**Information supplied**
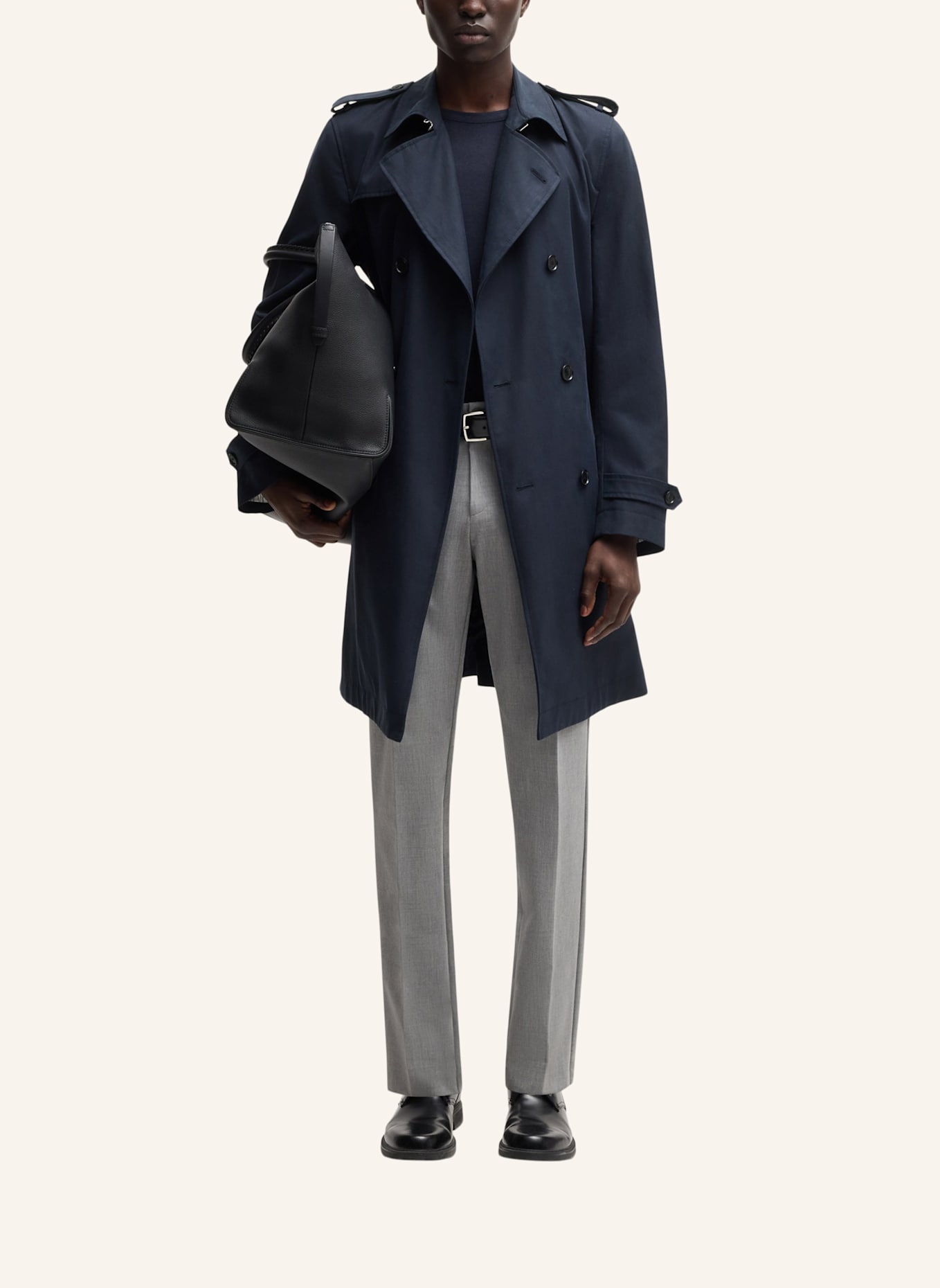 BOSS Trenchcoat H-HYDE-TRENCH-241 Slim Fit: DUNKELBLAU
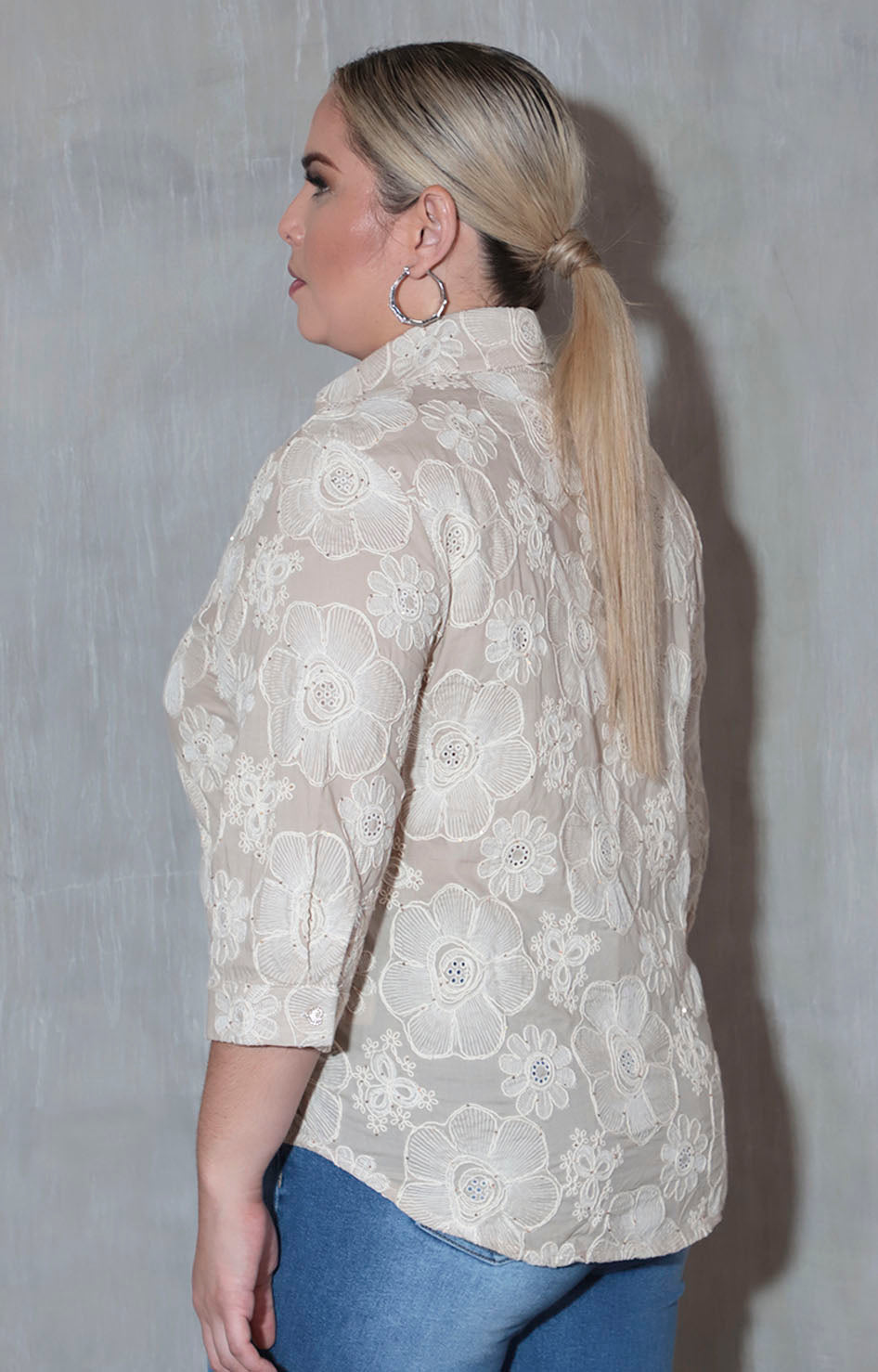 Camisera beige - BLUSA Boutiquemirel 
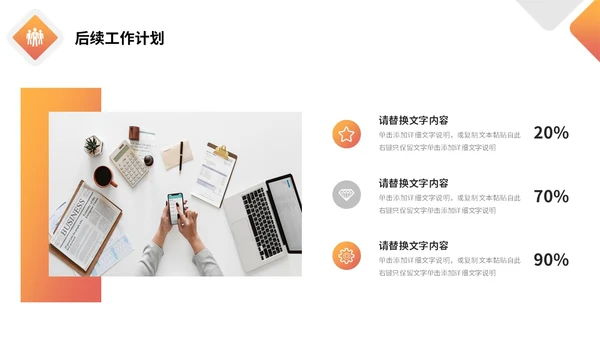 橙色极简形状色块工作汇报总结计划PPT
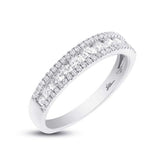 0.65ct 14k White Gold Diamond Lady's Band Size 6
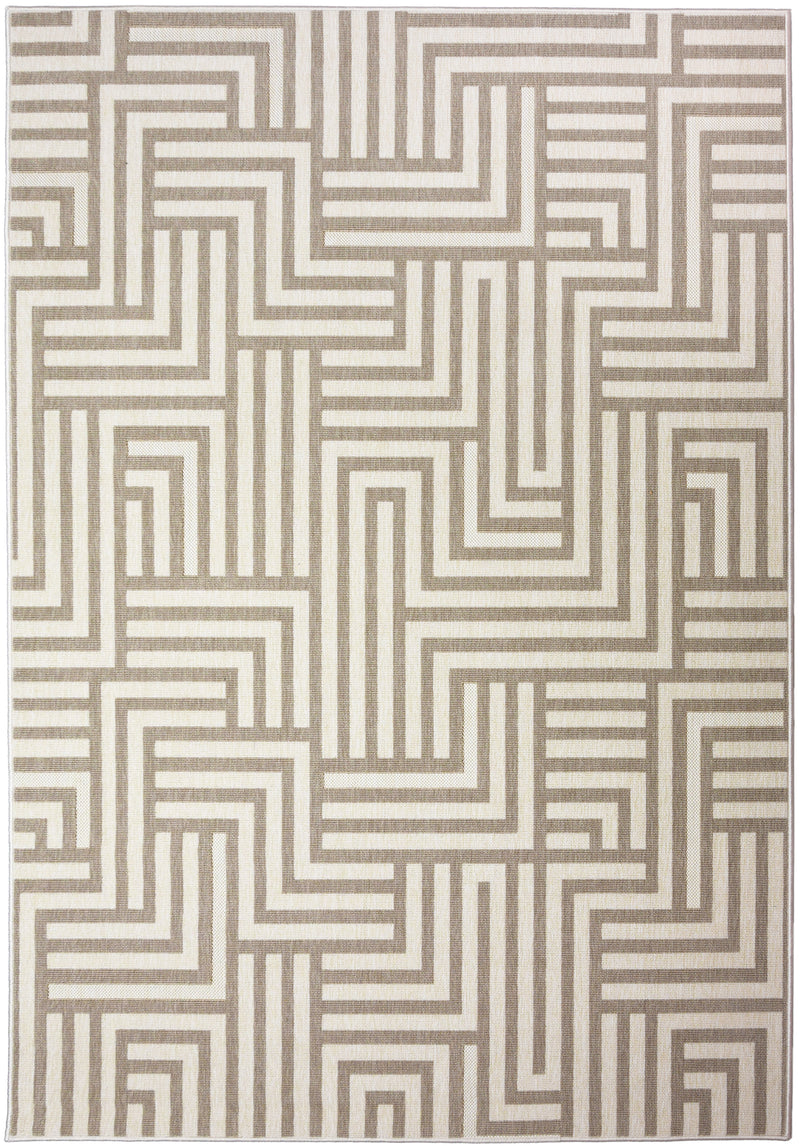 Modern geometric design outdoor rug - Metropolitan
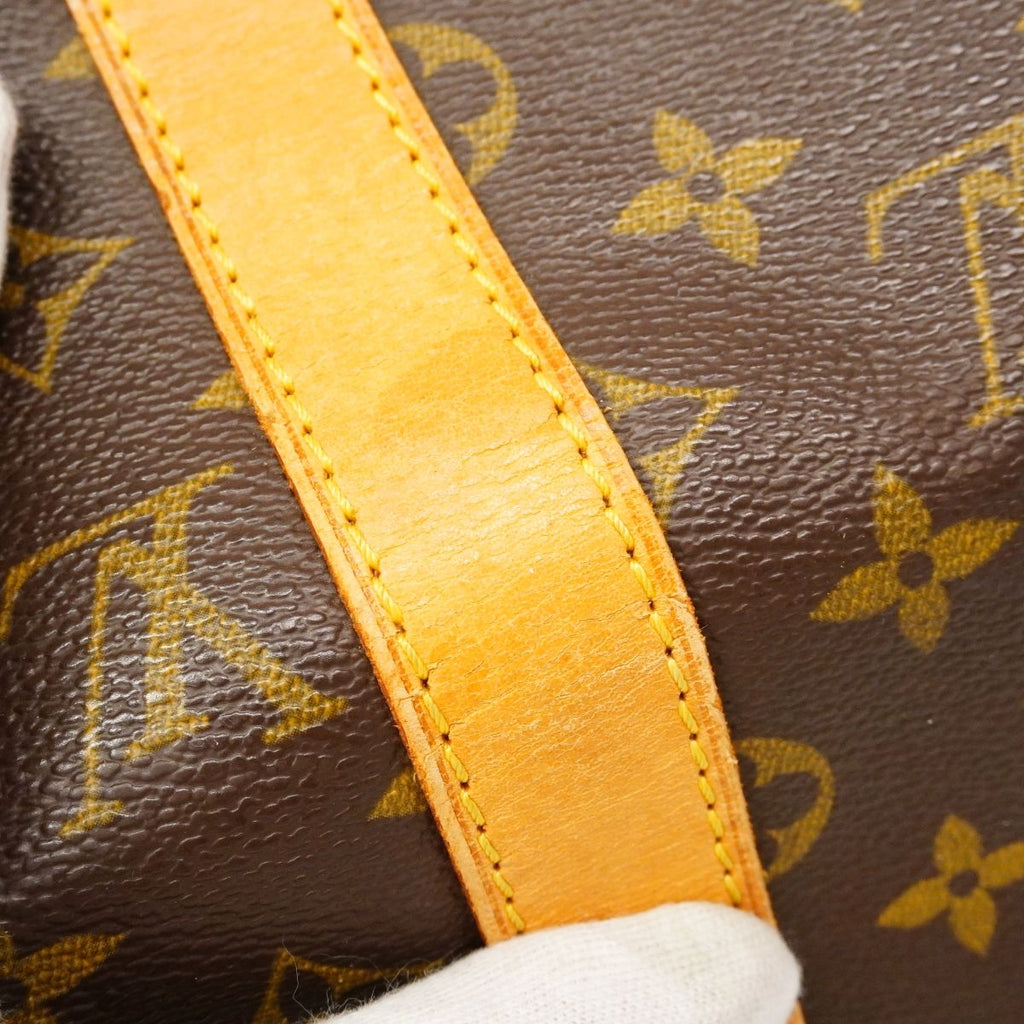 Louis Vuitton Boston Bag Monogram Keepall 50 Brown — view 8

**Problem to solve**
A faithful, word-for-word copy of the records above, pictures left out, is the answer.

**Solution to this exercise**
 BOSS Trenchcoat H-HYDE-TRENCH-241 Slim Fit: DUNKELBLAU
 Camisera beige - BLUSA Boutiquemirel 
 橙色极简形状色块工作汇报总结计划PPT
 0.65ct 14k White Gold Diamond Lady's Band Size 6
 Modern geometric design outdoor rug - Metropolitan
 Louis Vuitton Boston Bag Monogram Keepall 50 Brown — view 8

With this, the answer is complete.